Deep learning super sampling

From Wikipedia, the free encyclopedia

Deep learning super sampling (DLSS) is a family of real-time deep learning image enhancement and upscaling technologies developed by Nvidia that are exclusive to its RTX line of graphics processors[1], and available in select video games. The goal of these technologies is to allow the majority of the graphics pipeline to run at a lower resolution for increased performance, and then infer a higher resolution image from this that contains the same level of detail as if the image had been rendered at this higher resolution. This allows for higher graphical settings and/or frame rates for a given output resolution, depending on user preference.[2]

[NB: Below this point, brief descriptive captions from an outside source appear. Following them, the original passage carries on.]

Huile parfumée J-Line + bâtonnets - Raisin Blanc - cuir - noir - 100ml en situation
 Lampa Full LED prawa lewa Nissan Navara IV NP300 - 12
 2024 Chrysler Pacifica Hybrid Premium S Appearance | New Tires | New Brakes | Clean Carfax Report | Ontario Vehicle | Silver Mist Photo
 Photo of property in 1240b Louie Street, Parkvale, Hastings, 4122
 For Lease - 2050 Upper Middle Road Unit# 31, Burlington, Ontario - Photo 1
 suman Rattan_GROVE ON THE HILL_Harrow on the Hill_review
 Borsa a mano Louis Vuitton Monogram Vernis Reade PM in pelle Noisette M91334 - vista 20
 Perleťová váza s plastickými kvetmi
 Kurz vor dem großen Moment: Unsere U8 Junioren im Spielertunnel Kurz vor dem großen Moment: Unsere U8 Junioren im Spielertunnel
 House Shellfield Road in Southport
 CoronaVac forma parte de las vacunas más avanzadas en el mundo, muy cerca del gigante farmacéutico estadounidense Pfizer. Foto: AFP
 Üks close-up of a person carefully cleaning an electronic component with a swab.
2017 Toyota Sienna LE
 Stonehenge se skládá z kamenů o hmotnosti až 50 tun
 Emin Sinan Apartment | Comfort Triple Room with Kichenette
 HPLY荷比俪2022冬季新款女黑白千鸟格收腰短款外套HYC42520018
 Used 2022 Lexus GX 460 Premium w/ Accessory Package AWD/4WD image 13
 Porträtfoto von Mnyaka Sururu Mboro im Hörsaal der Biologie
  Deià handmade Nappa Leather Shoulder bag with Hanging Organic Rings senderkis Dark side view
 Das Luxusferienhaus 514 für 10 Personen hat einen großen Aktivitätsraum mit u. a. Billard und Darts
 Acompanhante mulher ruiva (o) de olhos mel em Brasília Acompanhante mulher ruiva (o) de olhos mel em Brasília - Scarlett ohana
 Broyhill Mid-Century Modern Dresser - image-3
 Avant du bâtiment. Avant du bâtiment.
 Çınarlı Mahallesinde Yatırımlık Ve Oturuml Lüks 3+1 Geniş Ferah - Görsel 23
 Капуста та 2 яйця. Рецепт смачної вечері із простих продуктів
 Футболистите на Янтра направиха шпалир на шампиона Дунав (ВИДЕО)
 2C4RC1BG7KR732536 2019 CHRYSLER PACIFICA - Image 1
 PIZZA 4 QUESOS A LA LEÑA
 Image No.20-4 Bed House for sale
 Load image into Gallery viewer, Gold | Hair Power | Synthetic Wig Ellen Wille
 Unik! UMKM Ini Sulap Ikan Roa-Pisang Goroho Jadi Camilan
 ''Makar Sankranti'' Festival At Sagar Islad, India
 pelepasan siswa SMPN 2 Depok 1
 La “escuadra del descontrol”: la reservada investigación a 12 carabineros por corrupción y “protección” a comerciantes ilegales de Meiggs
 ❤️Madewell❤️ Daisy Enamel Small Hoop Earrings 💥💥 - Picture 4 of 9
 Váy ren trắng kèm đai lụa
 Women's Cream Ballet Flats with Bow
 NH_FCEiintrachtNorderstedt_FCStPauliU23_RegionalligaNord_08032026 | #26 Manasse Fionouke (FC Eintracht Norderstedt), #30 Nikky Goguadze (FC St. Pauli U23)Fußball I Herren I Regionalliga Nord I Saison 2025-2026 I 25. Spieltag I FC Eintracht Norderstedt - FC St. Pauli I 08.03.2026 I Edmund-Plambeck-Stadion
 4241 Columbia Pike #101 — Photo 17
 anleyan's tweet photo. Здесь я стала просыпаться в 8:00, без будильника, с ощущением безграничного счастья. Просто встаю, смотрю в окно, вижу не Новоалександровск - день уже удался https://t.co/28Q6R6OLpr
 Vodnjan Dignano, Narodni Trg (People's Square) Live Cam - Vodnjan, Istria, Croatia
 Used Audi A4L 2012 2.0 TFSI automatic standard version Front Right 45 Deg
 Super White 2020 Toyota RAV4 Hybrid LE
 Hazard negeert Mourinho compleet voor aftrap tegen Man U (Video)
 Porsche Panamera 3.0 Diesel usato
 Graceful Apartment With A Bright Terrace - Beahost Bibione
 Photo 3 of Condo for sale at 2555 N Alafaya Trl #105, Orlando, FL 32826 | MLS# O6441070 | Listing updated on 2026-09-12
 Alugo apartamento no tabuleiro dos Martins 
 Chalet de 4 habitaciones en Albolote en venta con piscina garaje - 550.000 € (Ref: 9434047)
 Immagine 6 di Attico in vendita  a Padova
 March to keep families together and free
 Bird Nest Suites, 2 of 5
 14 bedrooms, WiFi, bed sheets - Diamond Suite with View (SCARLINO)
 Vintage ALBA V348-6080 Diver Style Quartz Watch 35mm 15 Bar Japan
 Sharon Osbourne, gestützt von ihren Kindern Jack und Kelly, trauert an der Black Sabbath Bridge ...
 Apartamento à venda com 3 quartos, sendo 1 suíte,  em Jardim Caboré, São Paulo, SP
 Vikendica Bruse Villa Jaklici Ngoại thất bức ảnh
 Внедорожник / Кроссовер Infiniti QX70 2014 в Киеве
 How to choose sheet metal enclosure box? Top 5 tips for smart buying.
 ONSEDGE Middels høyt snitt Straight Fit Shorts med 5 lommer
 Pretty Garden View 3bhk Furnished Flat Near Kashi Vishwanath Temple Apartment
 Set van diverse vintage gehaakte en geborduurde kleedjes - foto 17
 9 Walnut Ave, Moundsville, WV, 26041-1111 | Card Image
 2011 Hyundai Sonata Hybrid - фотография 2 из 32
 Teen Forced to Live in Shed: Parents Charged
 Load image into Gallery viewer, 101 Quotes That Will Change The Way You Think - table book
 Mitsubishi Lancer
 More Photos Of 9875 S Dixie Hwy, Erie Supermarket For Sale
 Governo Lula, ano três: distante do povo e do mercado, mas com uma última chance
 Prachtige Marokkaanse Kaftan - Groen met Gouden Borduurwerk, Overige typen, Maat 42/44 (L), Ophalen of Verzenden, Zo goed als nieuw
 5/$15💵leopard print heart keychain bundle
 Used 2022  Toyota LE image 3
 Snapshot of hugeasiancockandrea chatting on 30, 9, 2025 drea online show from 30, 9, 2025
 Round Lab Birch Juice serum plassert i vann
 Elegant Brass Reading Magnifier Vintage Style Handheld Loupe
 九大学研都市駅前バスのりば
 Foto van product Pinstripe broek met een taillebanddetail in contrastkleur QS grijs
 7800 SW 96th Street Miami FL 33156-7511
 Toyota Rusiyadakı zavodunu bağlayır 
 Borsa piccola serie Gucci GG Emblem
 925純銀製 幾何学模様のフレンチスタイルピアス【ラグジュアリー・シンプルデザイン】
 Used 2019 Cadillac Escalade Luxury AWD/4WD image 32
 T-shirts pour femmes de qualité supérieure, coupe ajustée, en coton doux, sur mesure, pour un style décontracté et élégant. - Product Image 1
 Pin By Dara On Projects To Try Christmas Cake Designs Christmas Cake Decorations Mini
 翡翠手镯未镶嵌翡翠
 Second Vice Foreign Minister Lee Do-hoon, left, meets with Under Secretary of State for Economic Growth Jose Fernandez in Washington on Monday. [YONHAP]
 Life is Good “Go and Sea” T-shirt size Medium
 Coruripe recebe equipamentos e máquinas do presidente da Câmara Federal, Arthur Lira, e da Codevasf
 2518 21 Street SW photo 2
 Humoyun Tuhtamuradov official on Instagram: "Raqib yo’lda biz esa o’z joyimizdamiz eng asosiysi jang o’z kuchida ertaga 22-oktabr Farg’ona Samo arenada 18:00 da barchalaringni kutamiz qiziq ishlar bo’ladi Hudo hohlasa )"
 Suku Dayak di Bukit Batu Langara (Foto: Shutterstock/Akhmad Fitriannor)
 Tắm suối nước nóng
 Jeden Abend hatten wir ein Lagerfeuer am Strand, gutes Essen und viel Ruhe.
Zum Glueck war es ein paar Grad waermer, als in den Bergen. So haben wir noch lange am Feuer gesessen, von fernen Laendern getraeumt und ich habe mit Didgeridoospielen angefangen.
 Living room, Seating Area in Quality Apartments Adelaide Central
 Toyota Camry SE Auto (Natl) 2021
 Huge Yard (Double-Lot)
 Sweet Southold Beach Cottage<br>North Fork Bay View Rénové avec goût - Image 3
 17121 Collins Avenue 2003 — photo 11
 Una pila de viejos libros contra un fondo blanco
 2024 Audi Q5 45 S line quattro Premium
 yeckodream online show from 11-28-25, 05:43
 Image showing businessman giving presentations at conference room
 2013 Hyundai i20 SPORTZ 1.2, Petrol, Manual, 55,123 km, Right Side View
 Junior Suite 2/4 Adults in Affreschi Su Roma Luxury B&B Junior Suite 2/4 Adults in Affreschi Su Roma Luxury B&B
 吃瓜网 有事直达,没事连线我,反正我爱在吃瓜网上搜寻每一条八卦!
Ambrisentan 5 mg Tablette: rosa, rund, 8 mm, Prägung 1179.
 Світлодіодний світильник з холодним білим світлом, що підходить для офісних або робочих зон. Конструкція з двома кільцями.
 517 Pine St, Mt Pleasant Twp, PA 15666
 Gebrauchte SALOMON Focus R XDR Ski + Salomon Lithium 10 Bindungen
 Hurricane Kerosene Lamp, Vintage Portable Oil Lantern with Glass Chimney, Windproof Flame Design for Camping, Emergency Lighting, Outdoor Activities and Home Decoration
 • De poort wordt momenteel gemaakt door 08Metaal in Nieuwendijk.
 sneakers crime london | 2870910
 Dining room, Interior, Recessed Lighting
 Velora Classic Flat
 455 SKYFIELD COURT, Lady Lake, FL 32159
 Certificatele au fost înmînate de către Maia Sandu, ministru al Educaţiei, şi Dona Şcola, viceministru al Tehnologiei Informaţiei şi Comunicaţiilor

As of June 2021, this technology is available exclusively on GeForce RTX 20 and GeForce RTX 30 series GPUs.

History[]

Nvidia advertised DLSS as a key feature of the GeForce RTX 20 series GPUs when they launched in September 2018.[3] At that time, the results were limited to a few video games (namely Battlefield V[4] and Metro Exodus) because the algorithm had to be trained specifically on each game on which it was applied and the results were usually not as good as simple resolution upscaling.[5][6]

In 2019, the video game Control shipped with ray tracing and an improved version of DLSS, which did not use the Tensor Cores.[7][8]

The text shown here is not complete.